From heartbreak from not one - but TWO - relationships I thought would lead to marriage, to finding out my mom was diagnosed with breast cancer, to seeing my mom suffer through having to shave her own head and get her breasts removed (basically taking away the main parts of "femininity" that a woman has), to almost having my own life taken from me while being held at gunpoint and robbed in my own vehicle... this year was a huge test for me. It's tested my faith, my trust, and my strength like no other season of my life has.


BUT... I remember the day that everything came crashing down and I told my mom how I could only look at everything from a positive standpoint. What else COULD I do? I knew without a doubt that God's got me. He turns everything for the good for those who love him, which I do without a shadow of a doubt. He will fulfill his purpose over my life. Everything that's happened is just paving the way for something greater. And that's how I hope YOU can reflect on your trials and struggles. Know that he holds your life in his hand and only wants what's best for you; everything else will crumble.

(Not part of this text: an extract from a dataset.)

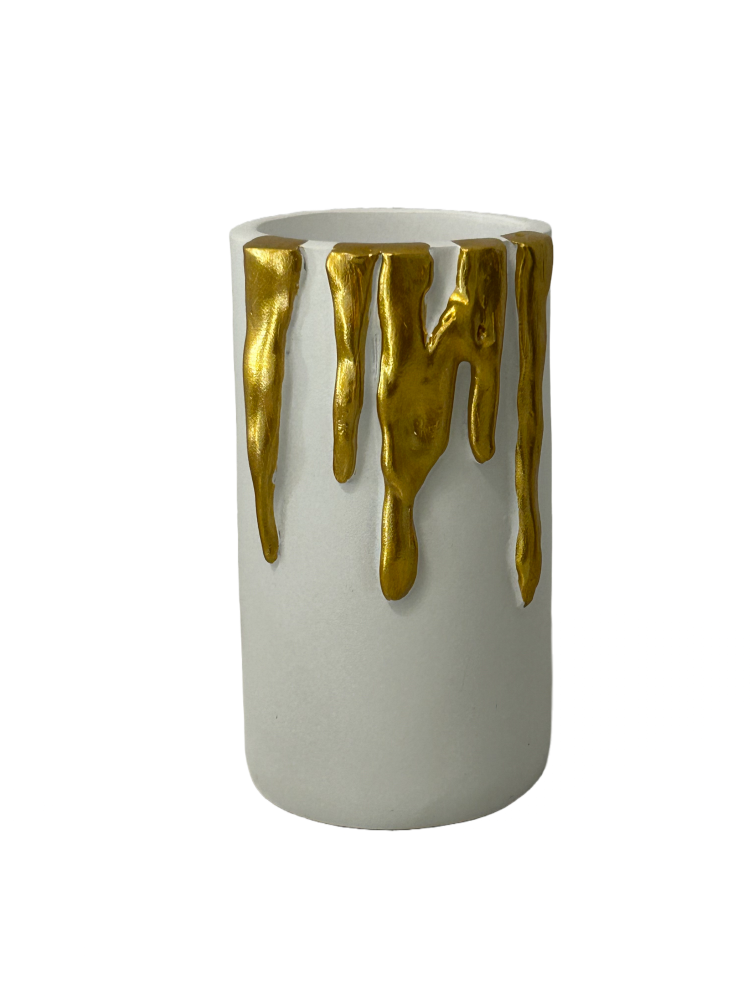 Large White-Gold Candle Holder Dripping Gold-toned Wax Tea-light Holder Add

Two songs have been an anthem on my life this year. One from Bethel Music and one from Vertical Worship. I'll share the lyrics that really impacted my life this season and made a mark on the beat I'm going to be walking into as this new year and new decade approach:


"I count on one thing, the same God that never fails will not fail me now... In the waiting, the same God who's never late is working all things out. Yes I will, lift You high in the lowest valley. Yes I will, bless Your name. Yes I will, sing for joy when my heart is heavy, all my days... oh, yes I will."


"I'm gonna sing, in the middle of the storm, louder and louder, you're gonna hear my praises roar. Up from the ashes, hope will arise... My weapon is a melody."


The devil's not gonna bring me down.